Le bureau de la qualité, de la performance et des systèmes d'information :
Il est chargé de la politique de modernisation et de la démarche qualité.
Il suit et analyse les statistiques d'activité de la direction générale et élabore les indicateurs et tableaux de bord correspondants, et veille à l'harmonisation de la collecte et à la validité des données. Il assure le suivi des questions de toute nature posées par les services déconcentrés.
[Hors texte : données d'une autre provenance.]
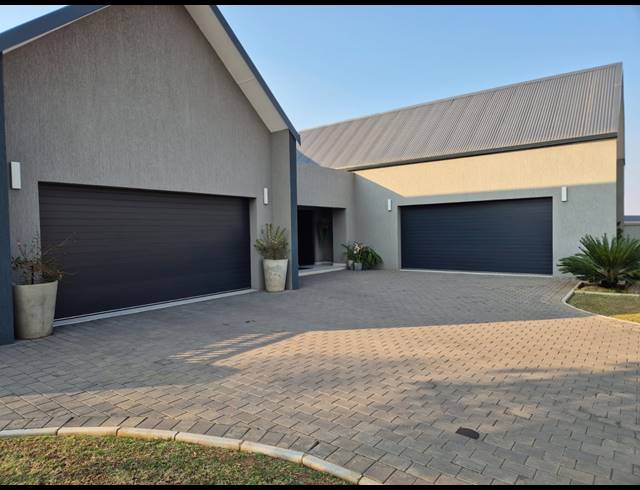 4 BEDROOM HOUSE FOR SALE IN HERON BANKS GOLF ESTATE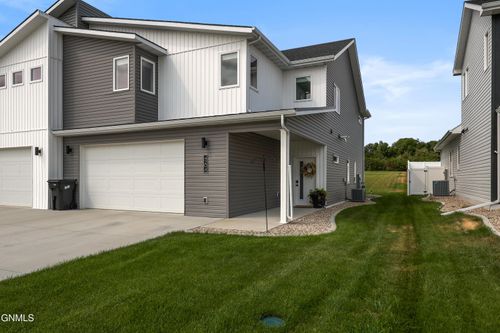 4204 Silver Blvd, Bismarck, ND, 58503-6975 | Card Image
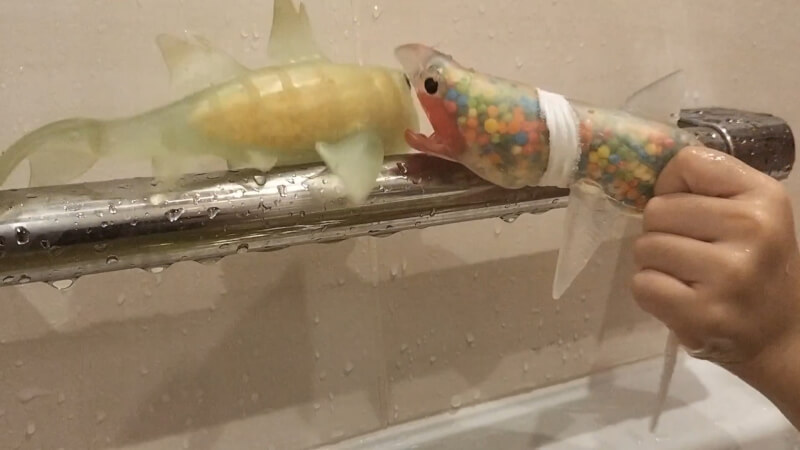 【おもちゃ】サメのおもちゃでお風呂遊び♪【シャークアタック＆Co.（アンドコ）】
Il assure la maîtrise d'ouvrage fonctionnelle des projets informatiques de la direction générale. Il coordonne et suit l'activité du service de l'informatique (SICCRF).
IV. ― Le service du soutien au réseau prépare et assure le suivi, en liaison avec les services compétents de la direction générale des douanes et droits indirects, des travaux du service commun des laboratoires, service à compétence nationale rattaché conjointement au directeur général des douanes et droits indirects et au directeur général de la concurrence, de la consommation et de la répression des fraudes.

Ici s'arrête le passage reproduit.